Business inventories fell 1.3 percent in February, the U.S. Commerce Department announced Tuesday, as businesses continued to pare back holdings amid slack demand. Economist surveyed by Bloomberg News had expected inventories to decline 1.0 percent in February. Inventories fell 1.1 percent in January and 1.3 percent in December, and they have fallen 3.5 percent since February 2008.
Sales rise, but only a little
Meanwhile, sales increased 0.2 percent in February. Sales dropped 1.0 percent in January and 3.4 percent in December 2008, and they have declined a gargantuan 13.0 percent in the past year.
However, February's data failed to move the inventory-to-sales ratio, which remained at 1.43 -- its highest level since September 2001. In other words, at the current sales pace, it would take 1.43 months for manufacturers to deplete their inventories. In February 2008, the ratio was 1.29.
"This throws some cold water on the idea that we're carving out a [recession] bottom. As long as you have initial jobless claims running around 650,000 and getting revised higher week after week, I don't see a recovery," Jacob Oubina, a currency strategist at Forex.com of New Jersey, told Reuters Tuesday.
In general, economists prefer to see business inventories decline during a recession, as it has historically indicated that businesses are bringing inventories back in-line with reduced demand, taking excess supply out of the system. That drawdown has historically set the stage for both production increases and job additions, once the economic recovery starts.
Economic Analysis: A modest uptick in sales, but it's nothing to write (or e-mail) home about.

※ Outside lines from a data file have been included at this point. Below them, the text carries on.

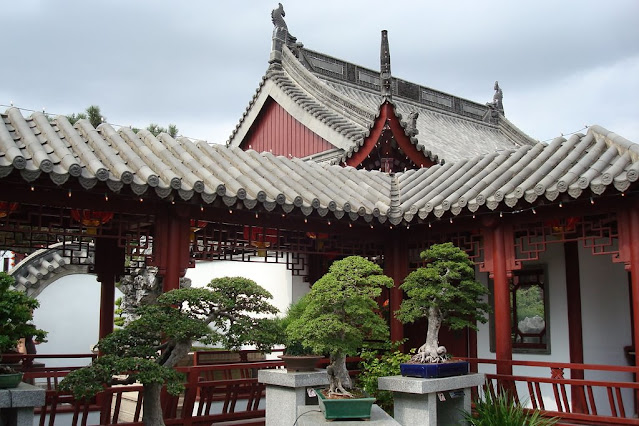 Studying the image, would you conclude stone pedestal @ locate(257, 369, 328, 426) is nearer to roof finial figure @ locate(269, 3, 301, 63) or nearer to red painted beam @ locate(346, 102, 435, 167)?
red painted beam @ locate(346, 102, 435, 167)

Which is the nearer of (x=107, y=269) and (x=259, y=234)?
(x=259, y=234)

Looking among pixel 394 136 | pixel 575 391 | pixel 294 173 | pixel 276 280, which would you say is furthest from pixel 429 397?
pixel 276 280

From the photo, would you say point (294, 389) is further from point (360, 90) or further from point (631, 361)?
point (360, 90)

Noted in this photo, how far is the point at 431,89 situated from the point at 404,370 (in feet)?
43.1

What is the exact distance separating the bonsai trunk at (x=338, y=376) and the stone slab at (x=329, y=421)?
0.82 ft

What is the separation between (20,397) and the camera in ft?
16.7

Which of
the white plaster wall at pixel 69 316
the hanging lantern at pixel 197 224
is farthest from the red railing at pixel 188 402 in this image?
the white plaster wall at pixel 69 316

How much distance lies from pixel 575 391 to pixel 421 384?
309 cm

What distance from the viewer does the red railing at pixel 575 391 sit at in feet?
21.9

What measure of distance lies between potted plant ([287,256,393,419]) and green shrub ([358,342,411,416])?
4.59 ft

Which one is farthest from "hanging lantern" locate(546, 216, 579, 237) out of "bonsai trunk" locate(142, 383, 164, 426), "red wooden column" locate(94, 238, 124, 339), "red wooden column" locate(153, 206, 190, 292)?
"red wooden column" locate(94, 238, 124, 339)

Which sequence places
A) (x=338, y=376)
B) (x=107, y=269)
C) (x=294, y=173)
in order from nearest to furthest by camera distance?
(x=338, y=376)
(x=294, y=173)
(x=107, y=269)

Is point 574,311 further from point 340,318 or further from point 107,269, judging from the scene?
point 107,269

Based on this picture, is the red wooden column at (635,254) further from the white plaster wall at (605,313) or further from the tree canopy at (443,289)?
the white plaster wall at (605,313) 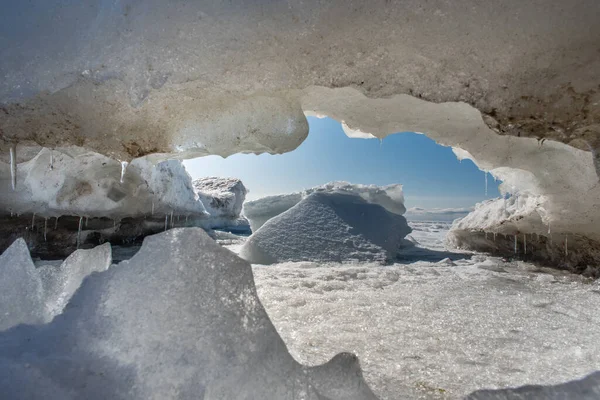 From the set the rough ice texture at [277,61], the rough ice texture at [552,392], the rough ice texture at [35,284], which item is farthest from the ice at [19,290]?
the rough ice texture at [552,392]

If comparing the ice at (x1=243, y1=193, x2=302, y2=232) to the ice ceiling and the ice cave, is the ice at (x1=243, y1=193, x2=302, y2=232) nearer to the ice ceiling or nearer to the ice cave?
the ice cave

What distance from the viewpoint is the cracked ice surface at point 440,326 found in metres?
1.21

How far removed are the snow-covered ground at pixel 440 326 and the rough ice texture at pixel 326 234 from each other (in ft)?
3.50

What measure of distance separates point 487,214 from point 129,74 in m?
5.48

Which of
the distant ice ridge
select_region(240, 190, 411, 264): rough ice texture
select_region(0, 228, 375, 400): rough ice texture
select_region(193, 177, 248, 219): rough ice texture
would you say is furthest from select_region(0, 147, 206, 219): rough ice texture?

We need to see several months of rising sales before one can say the "inventories decline, but sales plunge" trend is over. Over the past year, companies did their best to reduce inventories, but they received no help from sales, which fell faster. Further, given the probable decline in consumption as a percent of U.S. GDP, the nation is not likely to experience the robust sales period that typically accompanies an economic expansion. That suggests an economy where businesses only incrementally and reluctantly increase consumer-oriented production -- something that's likely to weigh on job creation in the quarters ahead.